--- Material provided Enclosed Below ---
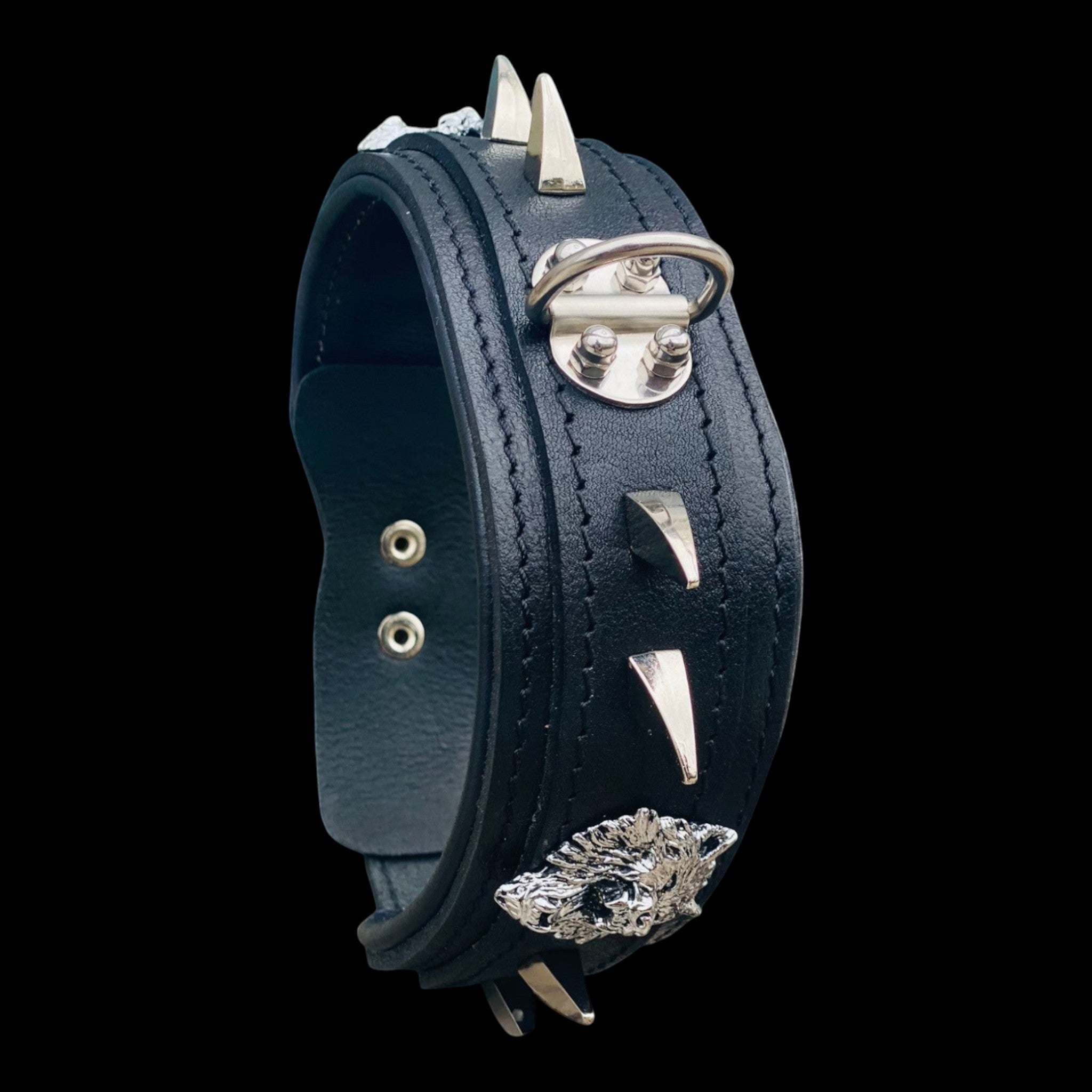 Custom wolf emblem leather dog collar for large breeds - A&C Dog Collars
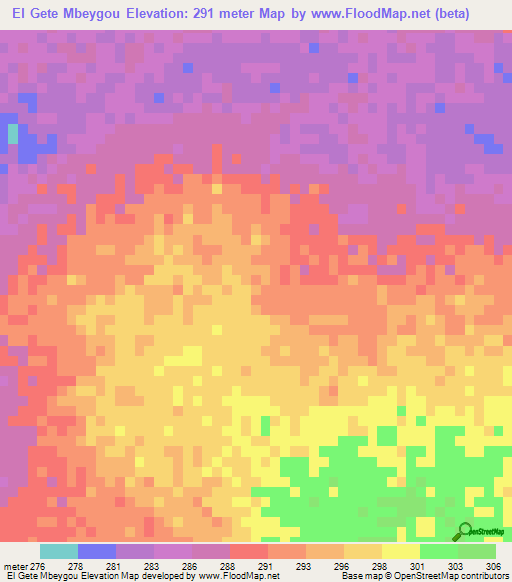 El Gete Mbeygou,Mauritania Elevation Map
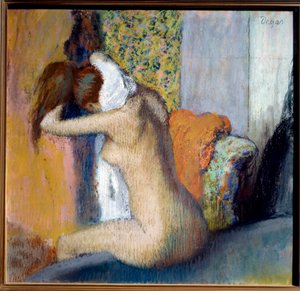 Después del baño, mujer secándose el cuello. Pastel de Edgar Degas (1834-1917) 1898 de Edgar Degas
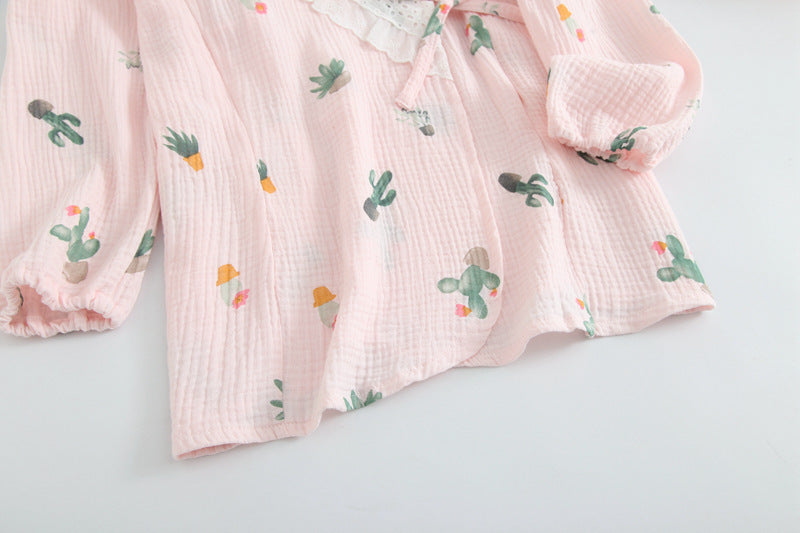 Kimono Cotton Gauze Maternal Postpartum Breastfeeding Confinement Clothing Home Pajamas Set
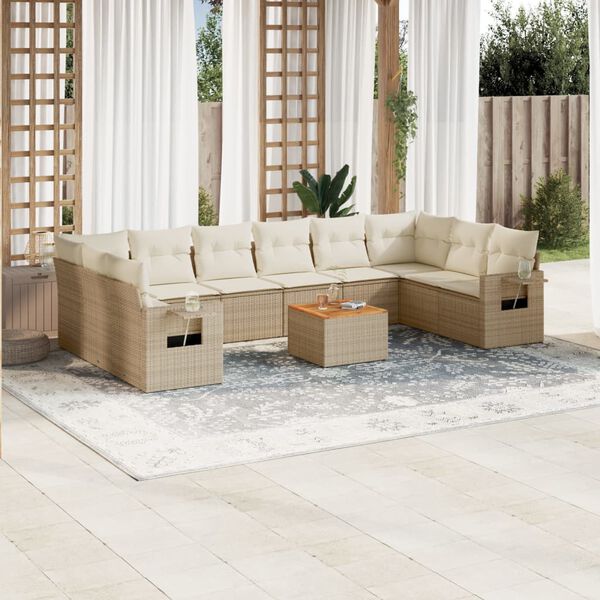 vidaXL Salon de jardin 11 pcs avec coussins beige r&eacute;sine tress&eacute;e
--- End of Enclosed Material provided ---
» Exercise directions:
Every entry, word for word, should be given again; the pictures are not part of the copy.

» Exercise response:
 Custom wolf emblem leather dog collar for large breeds - A&C Dog Collars
 El Gete Mbeygou,Mauritania Elevation Map
 Después del baño, mujer secándose el cuello. Pastel de Edgar Degas (1834-1917) 1898 de Edgar Degas
 Kimono Cotton Gauze Maternal Postpartum Breastfeeding Confinement Clothing Home Pajamas Set
 vidaXL Salon de jardin 11 pcs avec coussins beige r&eacute;sine tress&eacute;e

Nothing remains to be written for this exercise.